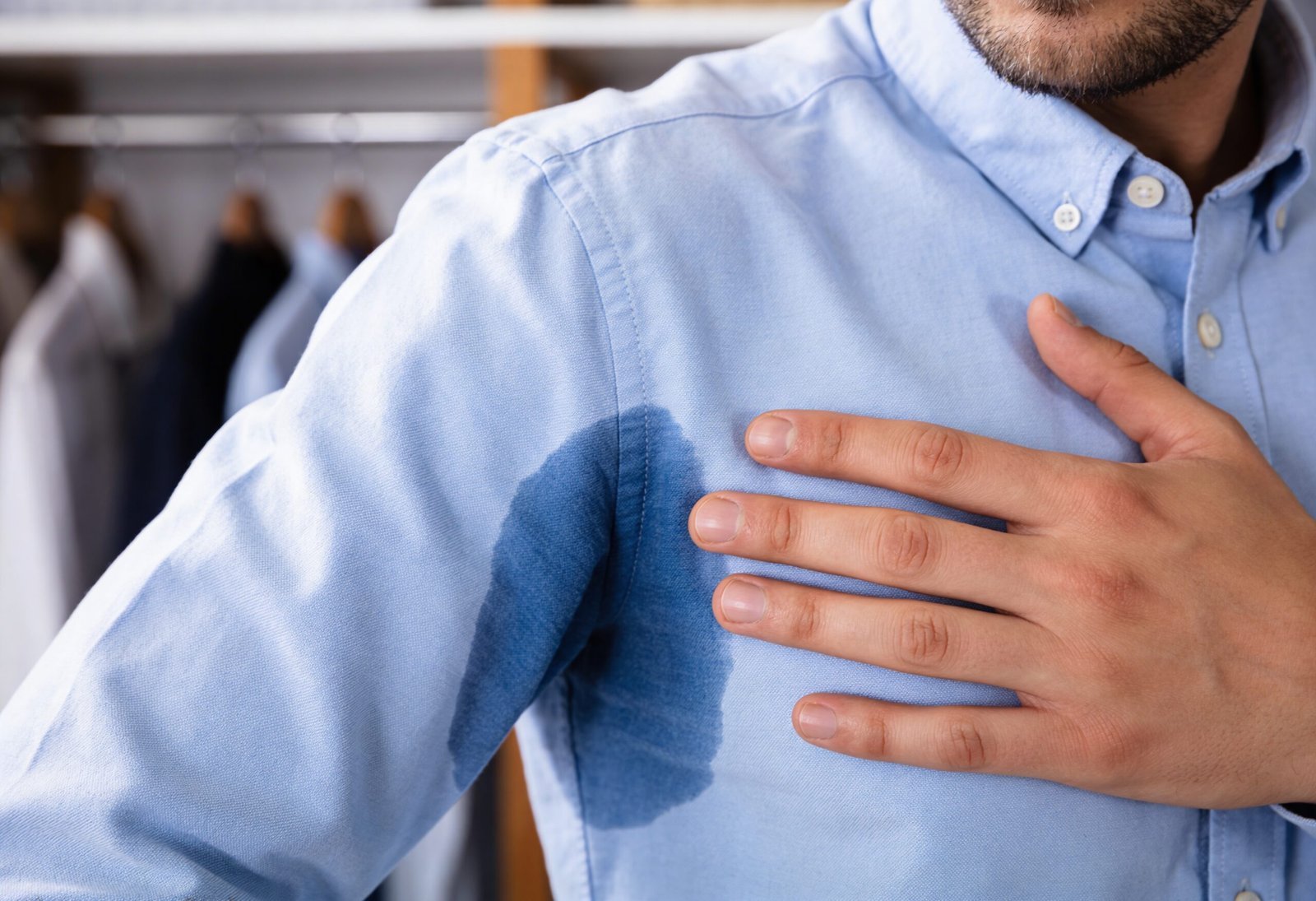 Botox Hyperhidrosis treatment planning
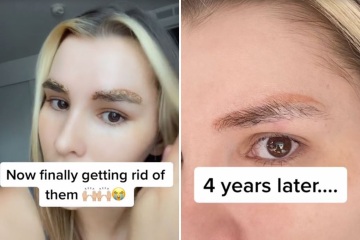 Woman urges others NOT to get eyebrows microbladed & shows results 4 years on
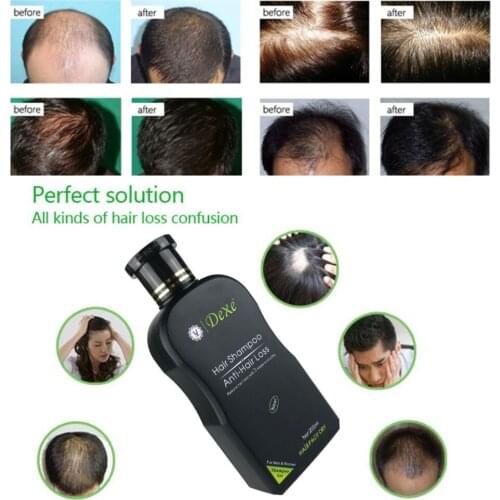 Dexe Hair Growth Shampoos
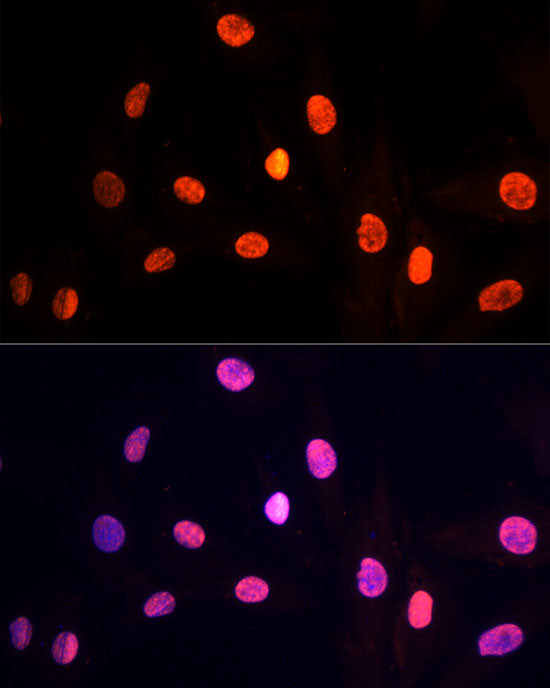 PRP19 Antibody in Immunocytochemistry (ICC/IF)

━━━━

▸ Exercise aim:
With the pictures excluded, the line containing "Woman urges others" and every line after it through the end of the data above are to be transcribed exactly, and nothing more.

▸ Response area:
 Woman urges others NOT to get eyebrows microbladed & shows results 4 years on
 Dexe Hair Growth Shampoos
 PRP19 Antibody in Immunocytochemistry (ICC/IF)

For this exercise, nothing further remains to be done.